Nice fishes as always


----------



## Stoker1 (Feb 17, 2014)

Chris, I'm off of Hickory and we need to hook up and hit it early one weekend. -Jamie


----------



## GROUPERKING (Sep 28, 2011)

Nice fish ! Just 4 more days until I can become a Chris V stalker. Lol I'm gonna have to figure out these beach flounder.


----------



## Jason (Oct 2, 2007)

Nice way to spend the day w/ your ole man!!!


----------



## Bodupp (Oct 3, 2007)

Jason said:


> Nice way to spend the day w/ your ole man!!!


Yep. Would love to have one more day w/mine.

Good report, Chris. For all the right reasons.


----------



## DAWGONIT (Jan 16, 2009)

pretty work & thanks for sharing!

catch 'em up.


----------



## Mac1528 (Mar 24, 2012)

Sometimes the best times are just sitting, enjoying, & talking. You both got a bonus with a little fishing also! Thanks for sharing.


----------



## coastie83 (Apr 20, 2014)

You fishing in AL, or FL? Was gonna go down today to Pcola Beach but my buddy said the slime wasn't worth the time. And may I ask do you use weights with that artificial you caught the flatty on?


----------



## Chris V (Oct 18, 2007)

coastie83 said:


> You fishing in AL, or FL? Was gonna go down today to Pcola Beach but my buddy said the slime wasn't worth the time. And may I ask do you use weights with that artificial you caught the flatty on?

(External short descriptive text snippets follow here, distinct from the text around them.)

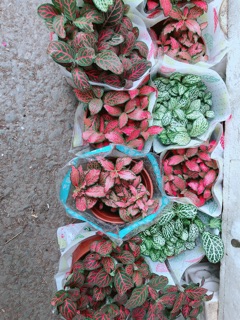 Cây Cẩm Nhung (lá may mắn)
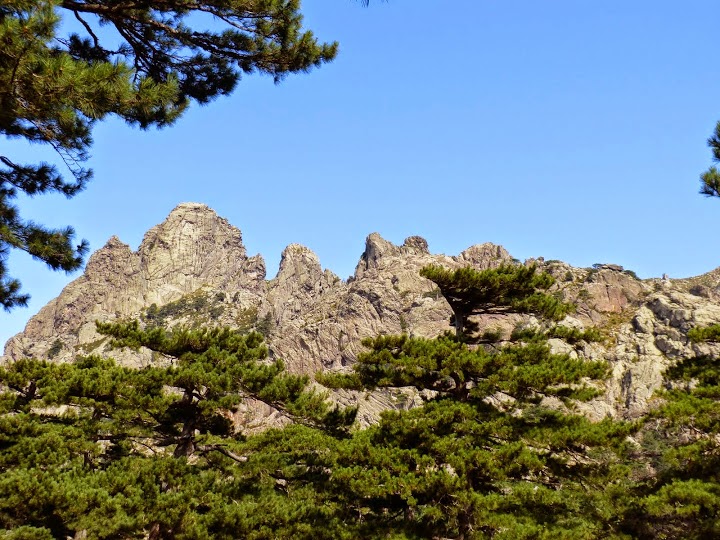 P1000208.JPG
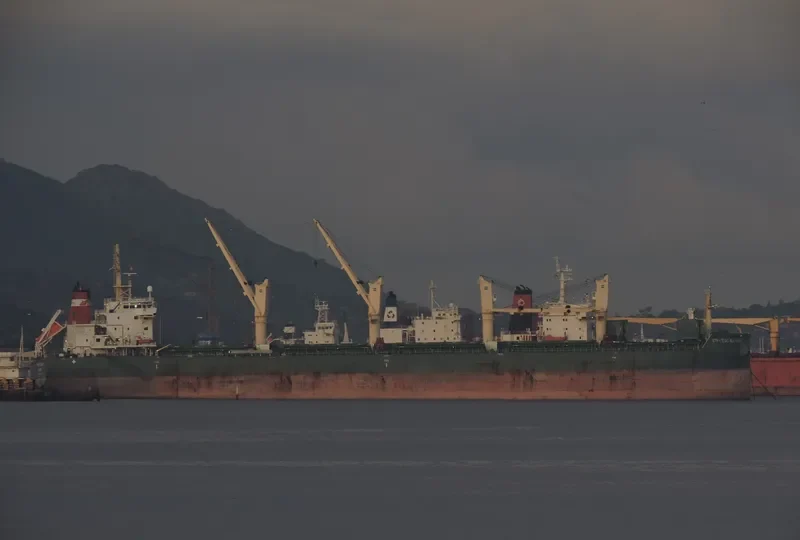 STRATEGIC ALLIANCE Bulk Carrier IMO 9648075 photo 6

 I'm in Al waters and do not add weight to my artificials. I work them with a light "feathering" of the rod tip, reeling slack in slowly and making sure I maintain consistent contact with the bottom. I've been catching most of them on swimbaits like the one in the pic (Tsunami Swim Shad 3") but have also been doing well with other paddletails in pearl and chartreuse on a 3/8 oz jighead. I've also caught a few on the Rip-N-Slash while throwing to Trout.


----------



## coastie83 (Apr 20, 2014)

Thanks for the nice reply. Switched to inshore a few weeks back when the slime and grass came in. Haven't been out to the Gulf since but I have all the same artificials and have been wanting to get on some flatties. Looks like I'm gonna just have to go cruise down there.


----------



## Chris V (Oct 18, 2007)

Well, if you see a guy with a backpack on, slinging fish or throwing huge poppers on an overpriced surf outfit, that's probably me.


----------



## Chris V (Oct 18, 2007)

Stoker1 said:


> Chris, I'm off of Hickory and we need to hook up and hit it early one weekend. -Jamie


 Swing by the store one day and we'll plan something out.


----------



## MrFish (Aug 21, 2009)

I was out there about mid morning down towards the Fort. Caught about a 20 lb flattie. He almost stuck me too!


----------



## fishin for pompanos (May 10, 2012)

Nice job on being there with your dad, there is no better time. Great report.


----------



## MrFish49 (Jun 30, 2012)

What do you look for in the surf? Didn't even know trout from the surf was a regular thing.


----------



## Carnage1562000 (May 22, 2014)

Awesome times indeed and congrats on your fish!


----------